Midterm Report
The coding period leading up to the Midterm Evaluation has been an amazing experience for me. I’ve organized this report into two distinct parts, with each part dedicated to a specific phase of the project up to the Midterm Evaluation.
Phase 1 30th May - 30th Jun
Delved into relevant research papers, understood the intricacies of assembly runs, samples, studies and analyses, which form the foundational concepts of MGnify.
Documented all visualizations present on the MGnify website which was extensively used in Phase 2.
Significant chunk of Phase 1 was spent contributing and collaborating with Alejandra Escobar (MGnify Bioinformatician) on the enhancement of her Jupyter notebook - Drawing presence/absence KOs for one metagenomic sample, specifically focusing on Pathways Visualization.
The objective was to streamline the notebook, making it more concise, interactive, self-explanatory, and immediately usable.
Technologies Involved : R + Docker + JupyterLab + Quarto + Packages like KEGGREST, Pathview
Pull Request :
Worked on an existing PR by Alejandra, Link : https://github.com/EBI-Metagenomics/notebooks/pull/26
Status : Under Review 🟡
Code in Action :
: : : : : : : : : : : : : : : : : :
Phase 2A 1st Jul - 16th Jul
This phase focused on finding visualization solutions that could work seamlessly in both JavaScript and Python environments.
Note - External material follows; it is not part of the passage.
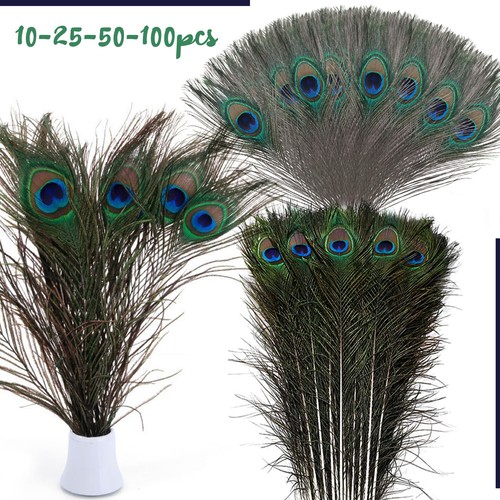 Long 100pcs natural peacock - 10-100pcs,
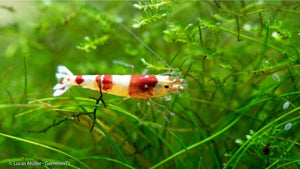 Zwerggarnelen Red Bee für Aquaristik-Enthusiasten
Involved testing of packages like Plotly and Highcharts were tested, with a preference for Highcharts due to its usage in the MGnify site.
But then Highchart posed an issue as it couldn’t reference data as a link, impacting interoperability between React and Jupyter, especially with large datasets.
Then came the idea of a common visualization grammar, enabling easy porting of visualizations to Jupyter notebooks for users to perform deeper visualization and push in custom data as well.
Alternatives like pandas-js, Danfo.js, and Vega-Lite were considered.
In the end, the Vega ecosystem was selected due to its compatibility and ability to handle large datasets, ensuring seamless interoperability.